I have yet to apply other colors to my canvas, too enamored by the complexities of red to mask over it. I still want to know what red sounds like. Where its center of gravity lays. And how to navigate its surface. But perhaps tonight is a starting point. A new trajectory. And with that, I would like to share with you a vision of red.

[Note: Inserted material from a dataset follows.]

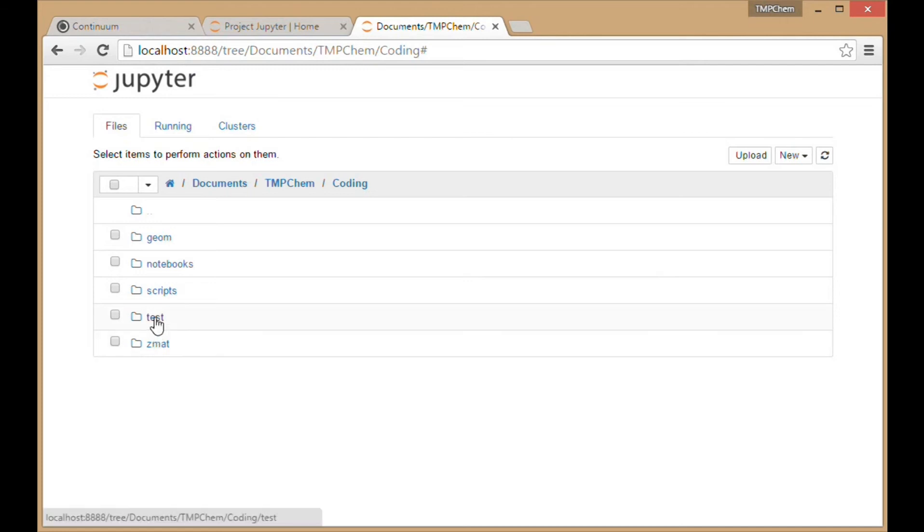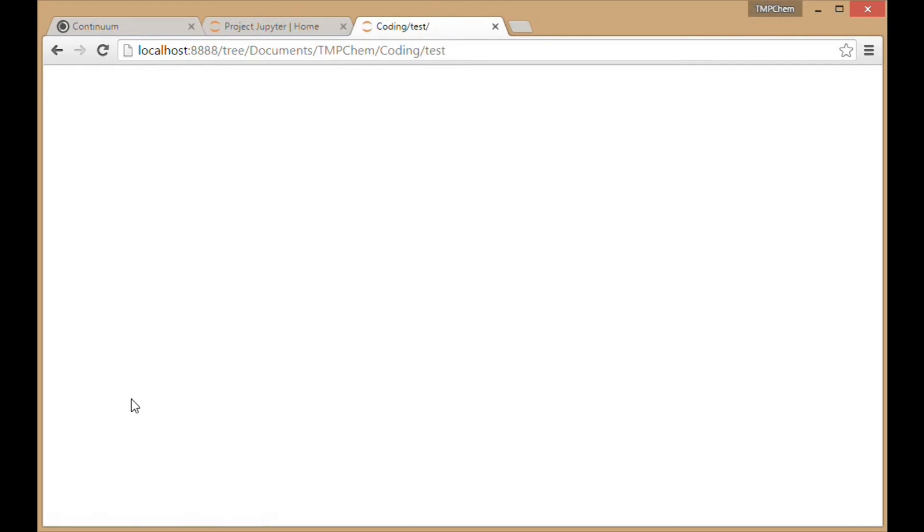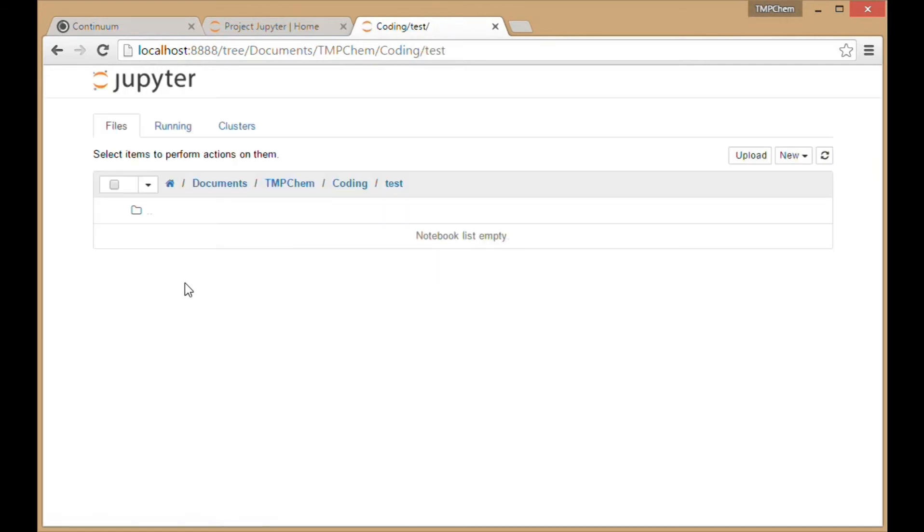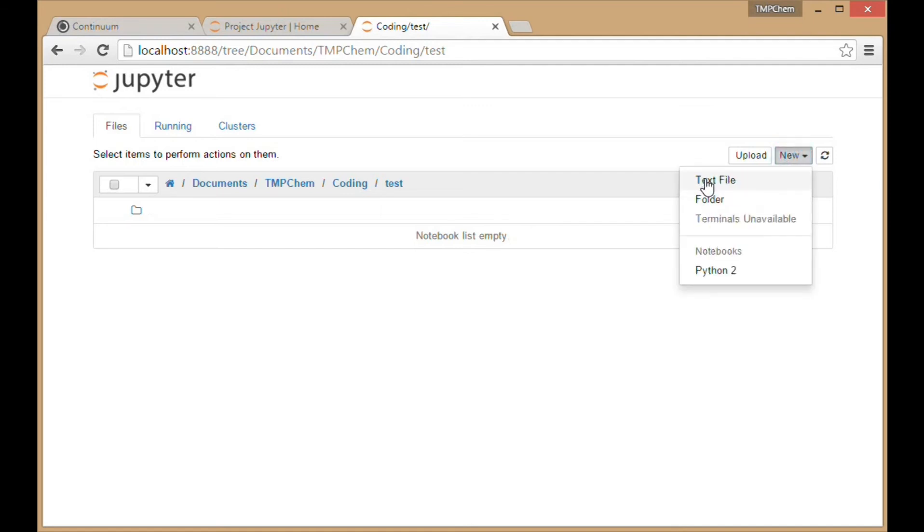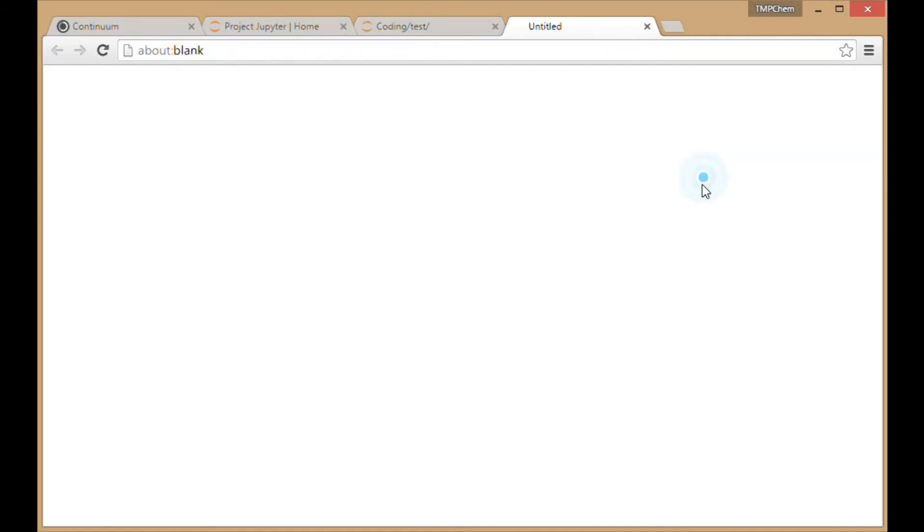I'll click to go into this test folder, and right now it's empty. I'm going to make a new text file.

Another from the archives. Recorded on my mp3 player in Athens, Ohio circa 2006.
ANOCIVIL
People don’t want no civil war
All they want is to get some more
Throw those ideals out the door
I got no room but I need more
Want don’t you shake your chains and break free
You said it’s ‘cause they appeal to me
I don’t want no civil war
Hey didn’t ya hear
I want some more
Ipods cigarettes and cadillacs
I got my credit to the max
But hey boy don’t I got some flash
Three gold teeth now that’s pizazz
People don’t want no civil war
All they want is to get some more
Throw those ideals out the door
I got no room but I need more
I got new kicks and a couple o threads
So now I’m gonna go out and get blitzed
Gonna take this town, gonna paint it red
And take a pill in the morning for my head
I ain’t here
To talk to you
I’m just here
To get loose
Gonna chase some tail
Grab a caboose
And in the morning
I’ll say thank you!
People don’t want no civil war
All they want is to get some more
Throw those ideals out the door
I got no room but I need more
Kyle Pivarnik at the Poets Co Op reading series in Loveland, CO.